:: SUPPLIED DATA ::
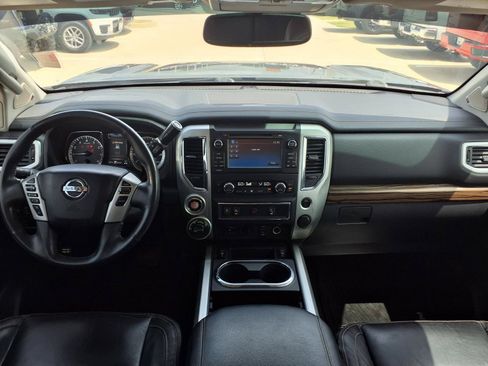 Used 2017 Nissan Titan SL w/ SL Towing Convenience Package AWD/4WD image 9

---

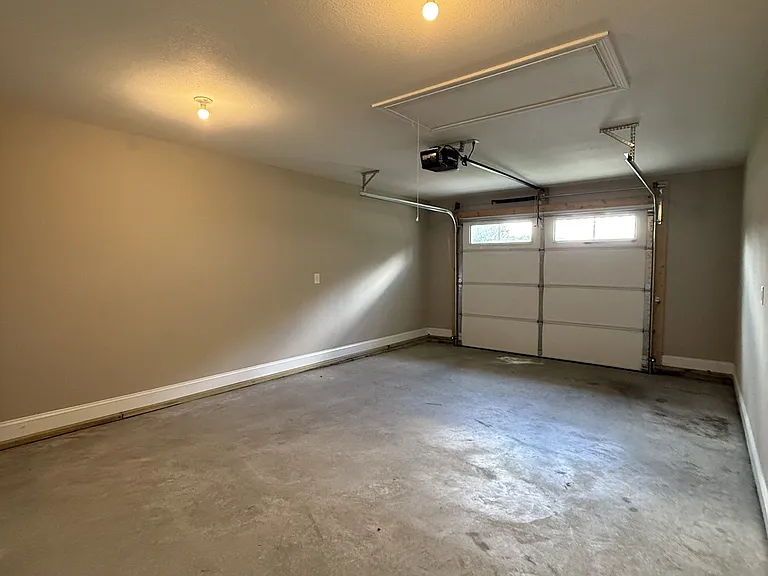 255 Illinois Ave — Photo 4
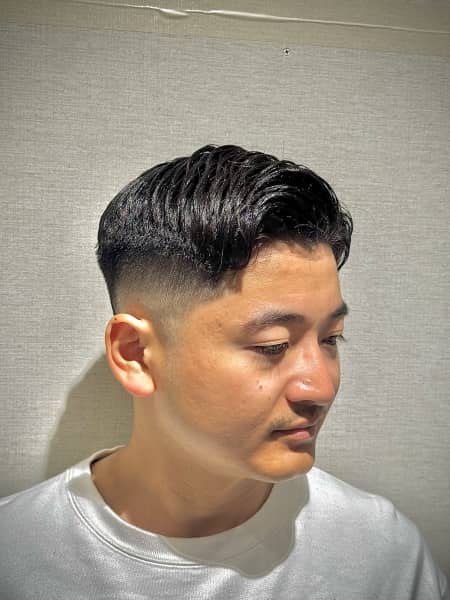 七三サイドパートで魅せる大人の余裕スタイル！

---

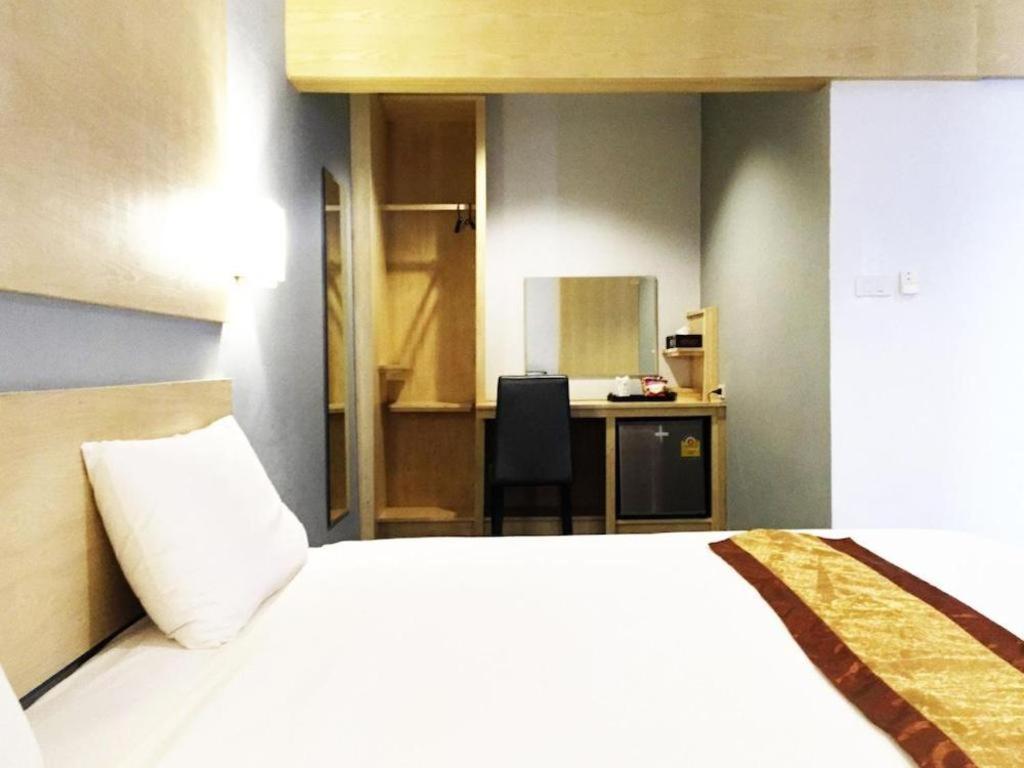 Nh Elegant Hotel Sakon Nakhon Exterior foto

:: WORK INSTRUCTION ::
Range to print from the listing above: from the line with "255 Illinois Ave — Photo 4" up to and including the line with "七三サイドパートで魅せる大人の余裕スタイル！". Please print those lines exactly, with no pictures and nothing more.

:: EXPECTED ANSWER ::
 255 Illinois Ave — Photo 4
 七三サイドパートで魅せる大人の余裕スタイル！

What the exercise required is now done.